▶ **WHAT IS REQUIRED**:
Both the line with "Strawberry Wallpapers" and the line with "STRAPSTORY SHOULDER BAG - 2121" in the records below must appear in the output, along with every line between them, exactly and with nothing added.

▶ **TASK INPUT**:

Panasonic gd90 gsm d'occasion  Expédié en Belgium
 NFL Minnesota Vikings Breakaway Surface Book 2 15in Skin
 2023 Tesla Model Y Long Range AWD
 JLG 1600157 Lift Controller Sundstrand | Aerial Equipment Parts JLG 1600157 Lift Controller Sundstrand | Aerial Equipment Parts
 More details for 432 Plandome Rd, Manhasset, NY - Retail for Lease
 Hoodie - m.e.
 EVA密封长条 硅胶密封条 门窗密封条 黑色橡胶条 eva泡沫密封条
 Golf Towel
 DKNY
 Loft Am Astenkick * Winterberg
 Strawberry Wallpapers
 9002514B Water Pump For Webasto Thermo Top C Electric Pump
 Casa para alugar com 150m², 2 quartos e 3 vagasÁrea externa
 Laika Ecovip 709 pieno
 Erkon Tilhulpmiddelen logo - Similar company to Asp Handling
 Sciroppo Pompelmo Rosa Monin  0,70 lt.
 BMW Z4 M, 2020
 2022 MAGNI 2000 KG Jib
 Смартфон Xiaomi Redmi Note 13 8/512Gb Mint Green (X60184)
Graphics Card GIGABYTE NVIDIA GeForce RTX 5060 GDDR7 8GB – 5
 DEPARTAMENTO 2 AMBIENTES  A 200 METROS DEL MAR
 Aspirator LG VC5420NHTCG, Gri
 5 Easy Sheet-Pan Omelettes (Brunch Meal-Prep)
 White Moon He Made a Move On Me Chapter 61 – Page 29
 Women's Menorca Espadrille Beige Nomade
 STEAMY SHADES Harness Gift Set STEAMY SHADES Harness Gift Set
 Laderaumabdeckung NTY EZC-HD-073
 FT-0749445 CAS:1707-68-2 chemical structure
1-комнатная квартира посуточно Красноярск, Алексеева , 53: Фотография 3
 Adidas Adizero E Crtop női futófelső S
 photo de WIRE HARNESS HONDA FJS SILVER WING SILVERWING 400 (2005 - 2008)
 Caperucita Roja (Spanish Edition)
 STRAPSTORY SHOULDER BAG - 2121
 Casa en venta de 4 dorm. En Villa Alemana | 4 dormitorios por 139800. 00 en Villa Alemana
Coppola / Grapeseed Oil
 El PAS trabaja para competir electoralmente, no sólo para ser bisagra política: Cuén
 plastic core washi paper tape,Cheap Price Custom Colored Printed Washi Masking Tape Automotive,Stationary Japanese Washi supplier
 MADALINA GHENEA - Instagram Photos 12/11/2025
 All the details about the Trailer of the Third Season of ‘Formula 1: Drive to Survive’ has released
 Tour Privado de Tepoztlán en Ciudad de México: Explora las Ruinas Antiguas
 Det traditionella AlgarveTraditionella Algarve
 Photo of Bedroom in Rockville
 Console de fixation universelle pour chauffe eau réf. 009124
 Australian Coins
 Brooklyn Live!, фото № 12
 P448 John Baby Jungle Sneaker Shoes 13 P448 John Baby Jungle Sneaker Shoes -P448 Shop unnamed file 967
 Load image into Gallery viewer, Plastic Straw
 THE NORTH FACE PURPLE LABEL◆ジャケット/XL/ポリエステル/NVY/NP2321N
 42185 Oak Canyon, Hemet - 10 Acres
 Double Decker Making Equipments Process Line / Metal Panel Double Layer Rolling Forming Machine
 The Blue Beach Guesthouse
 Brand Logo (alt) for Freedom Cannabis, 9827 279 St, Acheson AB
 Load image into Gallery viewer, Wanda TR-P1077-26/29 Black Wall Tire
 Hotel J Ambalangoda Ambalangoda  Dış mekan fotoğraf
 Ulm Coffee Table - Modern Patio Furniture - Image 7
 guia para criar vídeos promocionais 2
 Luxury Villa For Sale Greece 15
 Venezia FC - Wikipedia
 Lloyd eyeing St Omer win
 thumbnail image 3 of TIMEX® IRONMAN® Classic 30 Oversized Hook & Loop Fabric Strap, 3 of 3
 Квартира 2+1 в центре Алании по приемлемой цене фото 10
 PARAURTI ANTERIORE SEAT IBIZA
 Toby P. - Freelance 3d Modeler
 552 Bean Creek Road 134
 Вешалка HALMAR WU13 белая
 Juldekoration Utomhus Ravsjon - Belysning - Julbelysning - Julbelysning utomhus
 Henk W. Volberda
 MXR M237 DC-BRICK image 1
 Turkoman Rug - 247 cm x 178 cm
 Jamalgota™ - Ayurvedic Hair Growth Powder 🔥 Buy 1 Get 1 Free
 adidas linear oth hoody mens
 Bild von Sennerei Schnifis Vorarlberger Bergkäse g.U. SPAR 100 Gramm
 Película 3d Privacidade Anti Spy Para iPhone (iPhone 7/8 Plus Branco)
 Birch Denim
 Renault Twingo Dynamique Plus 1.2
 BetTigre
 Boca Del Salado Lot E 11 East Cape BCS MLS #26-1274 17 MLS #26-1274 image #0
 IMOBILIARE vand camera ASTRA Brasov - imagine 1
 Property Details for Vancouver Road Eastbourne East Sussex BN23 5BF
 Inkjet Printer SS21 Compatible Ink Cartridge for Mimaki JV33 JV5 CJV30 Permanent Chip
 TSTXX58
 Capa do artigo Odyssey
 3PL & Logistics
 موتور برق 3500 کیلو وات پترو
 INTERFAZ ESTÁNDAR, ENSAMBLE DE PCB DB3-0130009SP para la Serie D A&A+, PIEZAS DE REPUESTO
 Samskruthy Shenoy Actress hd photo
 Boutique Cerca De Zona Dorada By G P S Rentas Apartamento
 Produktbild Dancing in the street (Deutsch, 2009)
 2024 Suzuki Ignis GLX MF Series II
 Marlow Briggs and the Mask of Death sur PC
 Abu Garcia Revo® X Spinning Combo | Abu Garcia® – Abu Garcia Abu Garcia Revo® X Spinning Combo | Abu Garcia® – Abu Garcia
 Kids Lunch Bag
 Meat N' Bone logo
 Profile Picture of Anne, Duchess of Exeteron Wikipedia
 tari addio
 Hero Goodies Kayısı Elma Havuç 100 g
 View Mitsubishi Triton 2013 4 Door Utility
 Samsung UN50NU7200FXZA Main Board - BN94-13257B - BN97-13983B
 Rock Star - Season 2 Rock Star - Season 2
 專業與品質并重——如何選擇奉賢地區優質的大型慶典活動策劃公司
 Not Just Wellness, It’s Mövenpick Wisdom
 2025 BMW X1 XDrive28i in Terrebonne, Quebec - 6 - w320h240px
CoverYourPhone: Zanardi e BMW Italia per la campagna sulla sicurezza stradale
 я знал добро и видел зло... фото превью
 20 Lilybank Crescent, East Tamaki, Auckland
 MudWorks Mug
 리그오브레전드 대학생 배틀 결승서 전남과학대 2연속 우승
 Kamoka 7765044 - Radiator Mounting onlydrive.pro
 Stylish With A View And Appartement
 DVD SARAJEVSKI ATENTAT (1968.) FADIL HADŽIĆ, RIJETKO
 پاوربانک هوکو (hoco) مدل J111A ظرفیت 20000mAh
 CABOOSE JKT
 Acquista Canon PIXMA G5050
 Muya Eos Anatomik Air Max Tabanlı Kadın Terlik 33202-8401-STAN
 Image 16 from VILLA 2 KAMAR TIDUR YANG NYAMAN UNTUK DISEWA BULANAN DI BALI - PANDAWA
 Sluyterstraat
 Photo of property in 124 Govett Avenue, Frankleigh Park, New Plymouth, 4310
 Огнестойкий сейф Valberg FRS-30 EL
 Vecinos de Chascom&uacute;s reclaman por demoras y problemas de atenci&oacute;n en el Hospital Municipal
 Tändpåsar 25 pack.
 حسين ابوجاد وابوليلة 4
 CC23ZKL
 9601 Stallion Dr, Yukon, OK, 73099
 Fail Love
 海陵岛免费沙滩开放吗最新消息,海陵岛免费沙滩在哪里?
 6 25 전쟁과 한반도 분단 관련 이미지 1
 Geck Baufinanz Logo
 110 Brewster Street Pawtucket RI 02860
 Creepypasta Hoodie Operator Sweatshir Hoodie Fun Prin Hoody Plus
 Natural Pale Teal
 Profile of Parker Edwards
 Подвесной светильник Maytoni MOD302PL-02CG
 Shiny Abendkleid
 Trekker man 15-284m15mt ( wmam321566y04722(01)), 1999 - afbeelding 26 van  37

▶ **RESULT BELOW**:
 Strawberry Wallpapers
 9002514B Water Pump For Webasto Thermo Top C Electric Pump
 Casa para alugar com 150m², 2 quartos e 3 vagasÁrea externa
 Laika Ecovip 709 pieno
 Erkon Tilhulpmiddelen logo - Similar company to Asp Handling
 Sciroppo Pompelmo Rosa Monin  0,70 lt.
 BMW Z4 M, 2020
 2022 MAGNI 2000 KG Jib
 Смартфон Xiaomi Redmi Note 13 8/512Gb Mint Green (X60184)
Graphics Card GIGABYTE NVIDIA GeForce RTX 5060 GDDR7 8GB – 5
 DEPARTAMENTO 2 AMBIENTES  A 200 METROS DEL MAR
 Aspirator LG VC5420NHTCG, Gri
 5 Easy Sheet-Pan Omelettes (Brunch Meal-Prep)
 White Moon He Made a Move On Me Chapter 61 – Page 29
 Women's Menorca Espadrille Beige Nomade
 STEAMY SHADES Harness Gift Set STEAMY SHADES Harness Gift Set
 Laderaumabdeckung NTY EZC-HD-073
 FT-0749445 CAS:1707-68-2 chemical structure
1-комнатная квартира посуточно Красноярск, Алексеева , 53: Фотография 3
 Adidas Adizero E Crtop női futófelső S
 photo de WIRE HARNESS HONDA FJS SILVER WING SILVERWING 400 (2005 - 2008)
 Caperucita Roja (Spanish Edition)
 STRAPSTORY SHOULDER BAG - 2121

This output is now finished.